Your goal — Reproduce the lines below exactly, from the one containing "83'' Boneless Loveseat" through the one containing "Rotating Snack Box", both included. Leave out any pictures.

Input —

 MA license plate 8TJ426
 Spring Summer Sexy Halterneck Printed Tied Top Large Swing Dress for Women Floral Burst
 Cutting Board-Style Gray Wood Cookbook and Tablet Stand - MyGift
--
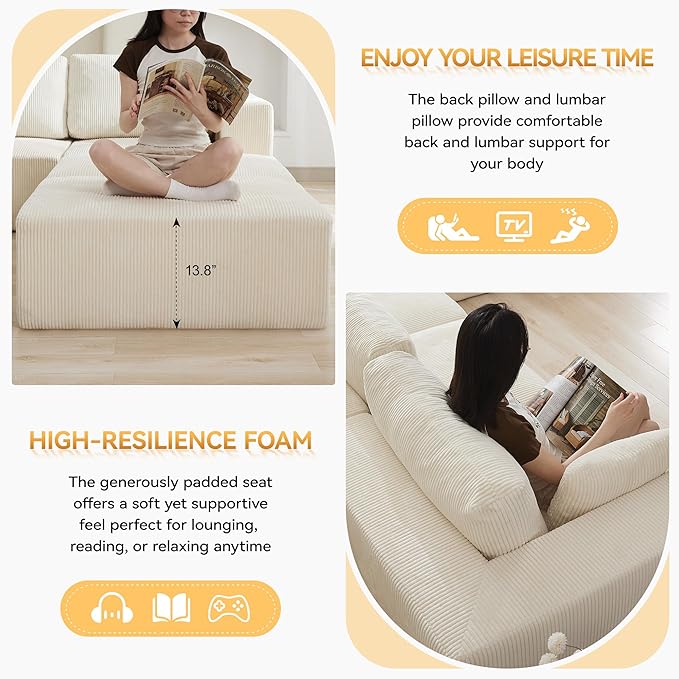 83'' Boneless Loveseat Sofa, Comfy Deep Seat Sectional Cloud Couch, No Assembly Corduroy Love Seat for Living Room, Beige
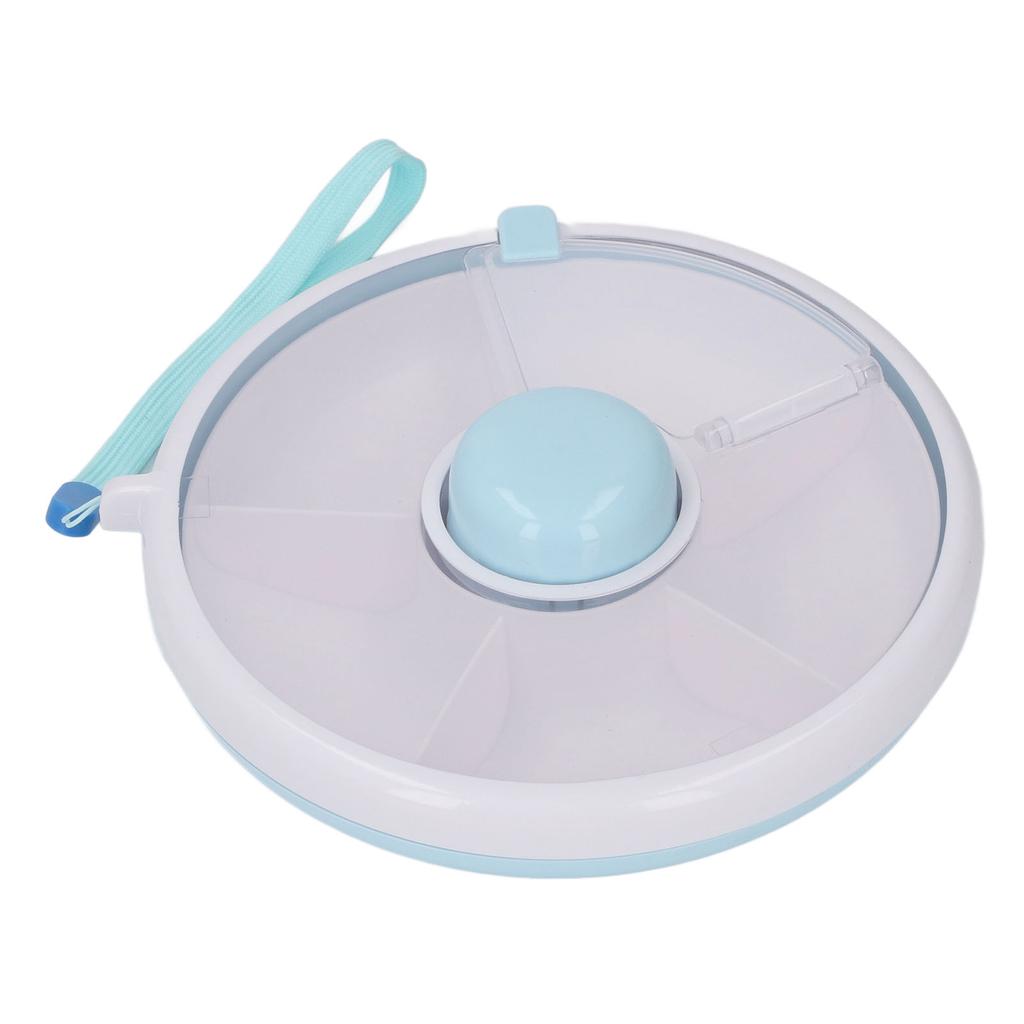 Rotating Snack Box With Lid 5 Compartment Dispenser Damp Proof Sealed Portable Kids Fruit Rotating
...
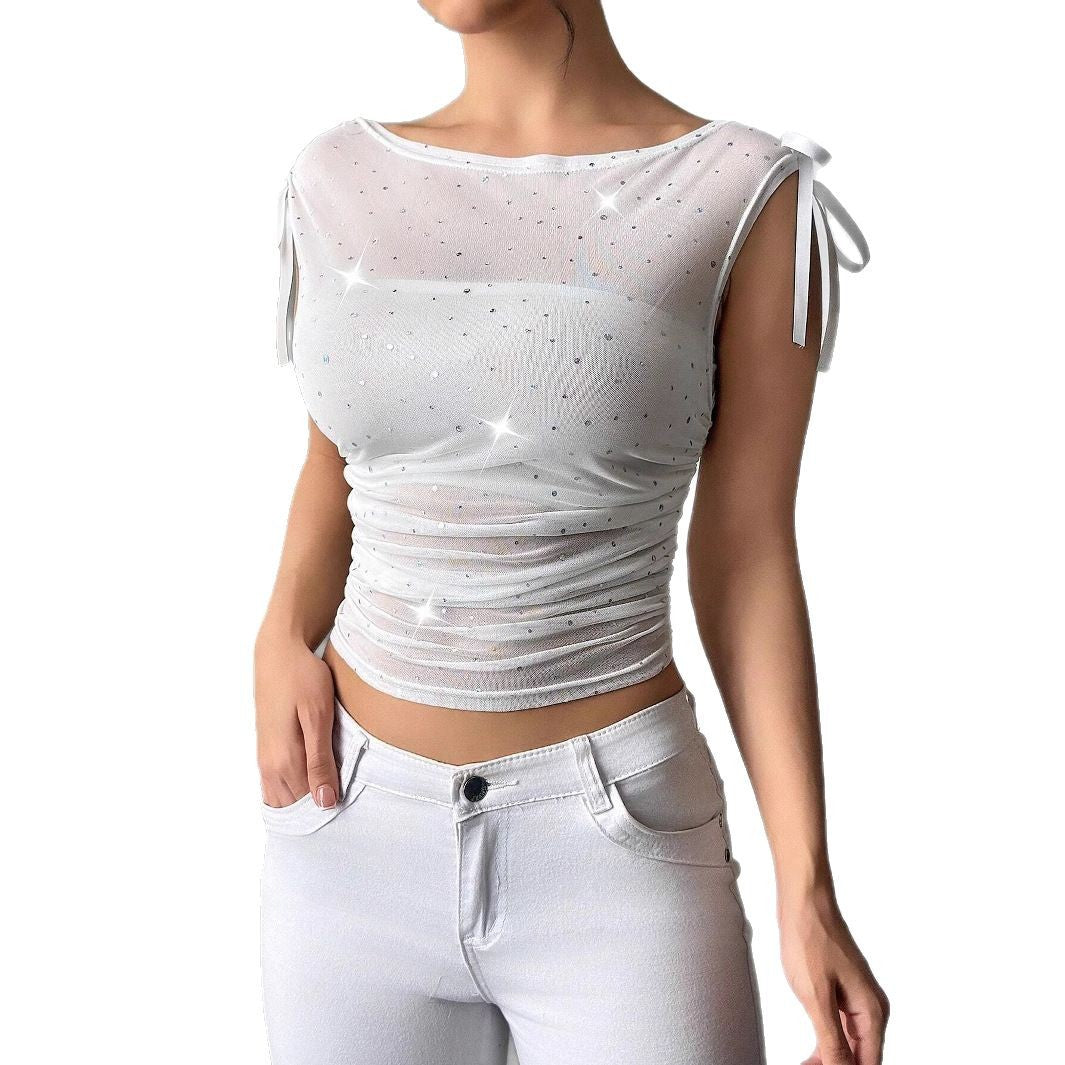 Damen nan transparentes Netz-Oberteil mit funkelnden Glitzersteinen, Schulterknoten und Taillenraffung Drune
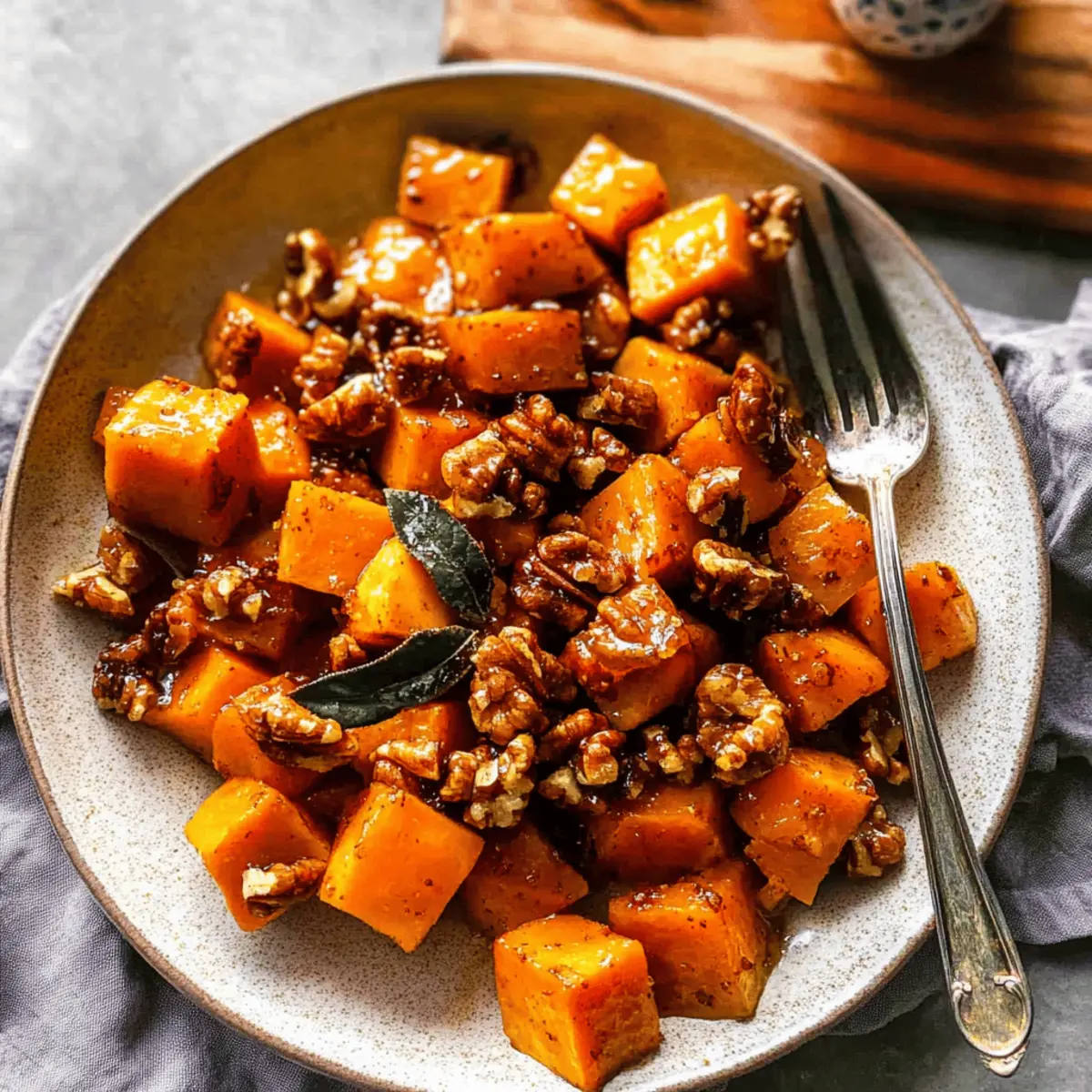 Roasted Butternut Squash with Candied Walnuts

Written response —
 83'' Boneless Loveseat Sofa, Comfy Deep Seat Sectional Cloud Couch, No Assembly Corduroy Love Seat for Living Room, Beige
 Rotating Snack Box With Lid 5 Compartment Dispenser Damp Proof Sealed Portable Kids Fruit Rotating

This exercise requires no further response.